Após o deputado estadual Gilberto Cattani (PL) afirmar que o ex-deputado federal e ex-ministro da Agricultura Neri Geller (PP) apoia “essa casta de vagabundos até hoje”, em referência ao Movimento dos Trabalhadores Rurais Sem Terra (MST), Geller rebateu a declaração e questionou diretamente o parlamentar.
Em resposta, o ex-ministro afirmou que sua trajetória política sempre foi voltada à segurança jurídica no campo e perguntou a Cattani quem teria feito mais nesse sentido do que ele, enquanto deputado federal e ministro da Agricultura.
Geller destacou que, além de votar, liderou a agenda da Liberdade Econômica no Congresso Nacional, ao lado de parlamentares citados por Cattani, como Jerônimo Goergen, Nilson Leitão e Pedro Lupion. Ele também ressaltou sua atuação em marcos legislativos considerados estratégicos para o agronegócio, como a Lei do Fiagro e a Lei do Licenciamento Ambiental.
O ex-deputado federal lembrou ainda que chegou a ser designado relator do projeto de regularização fundiária, mas abriu mão da função a pedido do governador Mauro Mendes (União Brasil) para assumir a relatoria do licenciamento ambiental, pauta classificada como prioritária para Mato Grosso.
Ao rebater a acusação de apoiar invasões de terra, Geller foi enfático ao afirmar que sempre se posicionou contra esse tipo de prática. Segundo ele, sua defesa se restringe à reforma agrária realizada dentro da legalidade, distinguindo o processo constitucional de desapropriação de áreas das invasões de propriedades privadas.
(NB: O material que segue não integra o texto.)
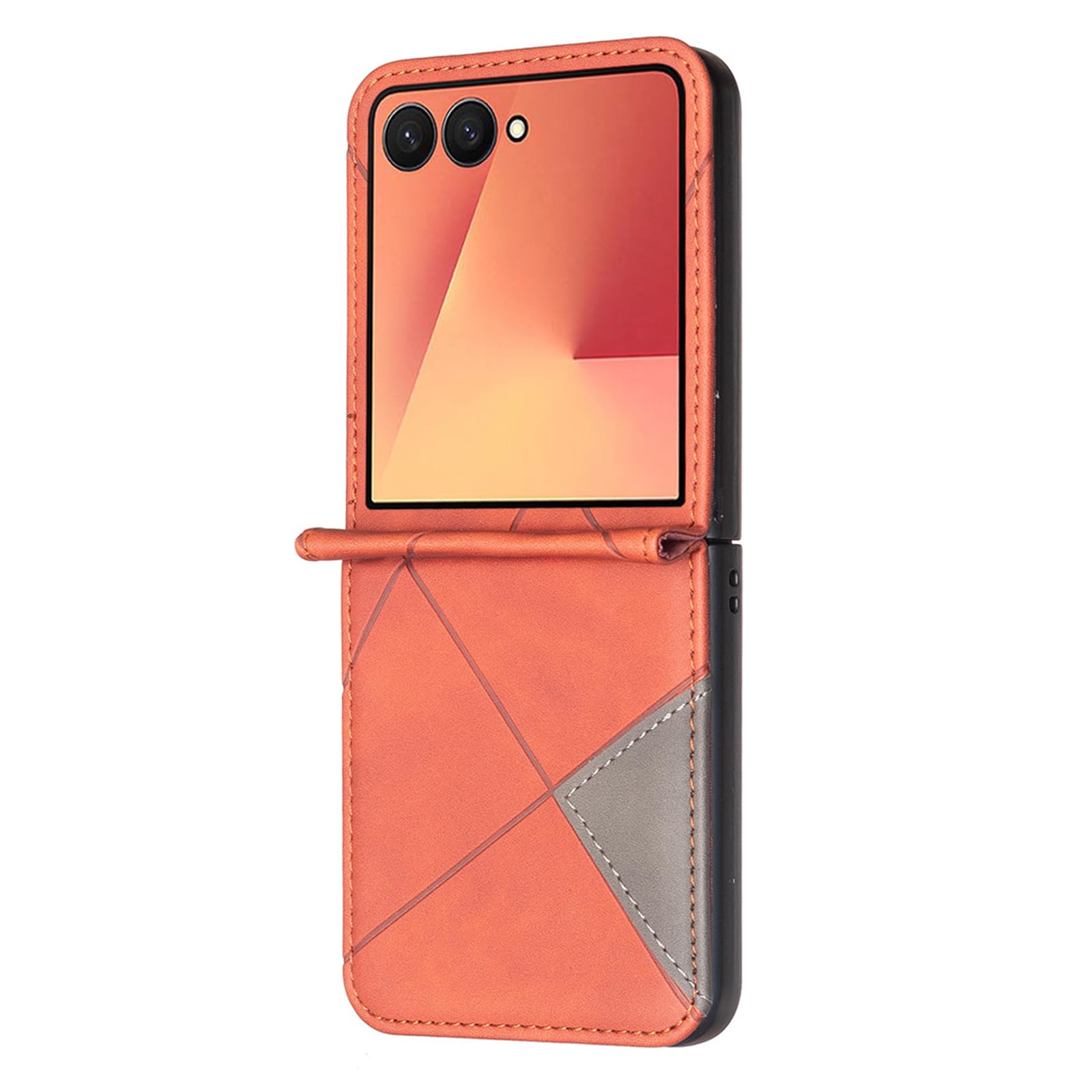 Housse Pour Samsung Galaxy Z Flip 8, Rétro Cuir Etui Rabat Protection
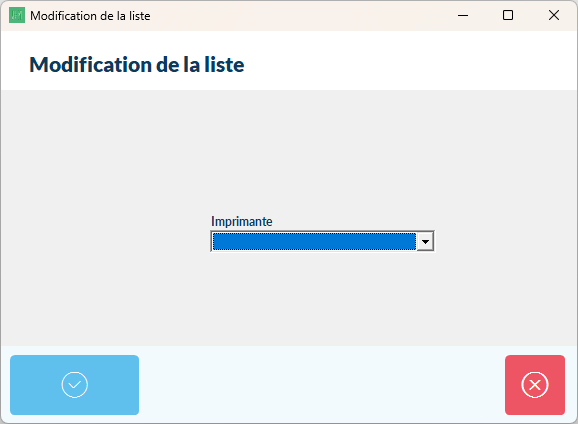 Boîte de dialogue "Modification de la liste" pour choisir un groupe d'options, puis la liste des desserts avec le groupe d'options "PARFUM DE GLACE" appliqué.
Geller também trouxe ao debate a origem do município de Lucas do Rio Verde. Ele lembrou que o episódio mais controverso envolvendo ocupações de terra na região, a invasão da Fazenda Noni, ocorreu no final da década de 1970, ainda durante o regime militar. De acordo com o ex-ministro, a área foi posteriormente desocupada pelo próprio governo militar, o que resultou no acampamento da Encruzilhada de Dom Natalino, considerado um marco simbólico da luta pela terra na região.
O parlamentar ressaltou que a consolidação da reforma agrária que estruturou Lucas do Rio Verde não se deu por meio de invasões, mas a partir de áreas devolutas da União e de desapropriações legais conduzidas pelo Instituto Nacional de Colonização e Reforma Agrária (INCRA). Entre os exemplos citados estão a Fazenda 35, desapropriada e transformada em assentamento, e a Fazenda Marape, também conhecida como Marapezão, área onde a família de Cattani foi assentada.
O Assentamento Marape foi mencionado por Geller como prova de que Cattani e sua família foram beneficiados pela política de reforma agrária, incluindo a manutenção, até hoje, de lote no assentamento. Ele também recordou que, quando assumiu a liderança da bancada, Cattani o procurou para indicações à diretoria do INCRA. Além disso, mencionou o trabalho conjunto entre as famílias na abertura das primeiras estradas de Lucas do Rio Verde, com apoio do pai do deputado estadual.
Por fim, Geller reforçou que a reforma agrária na Amazônia Legal seguiu o rito constitucional, com processos de compra, desapropriação e indenização, como ocorreu no projeto de assentamento da Fazenda 35 e em outras áreas da região.
Segundo ele, a formação e o desenvolvimento de Lucas do Rio Verde não tiveram origem em invasões de terras, mas em áreas da União, terras devolutas e desapropriações legais, reiterando sua posição contrária a qualquer ocupação irregular.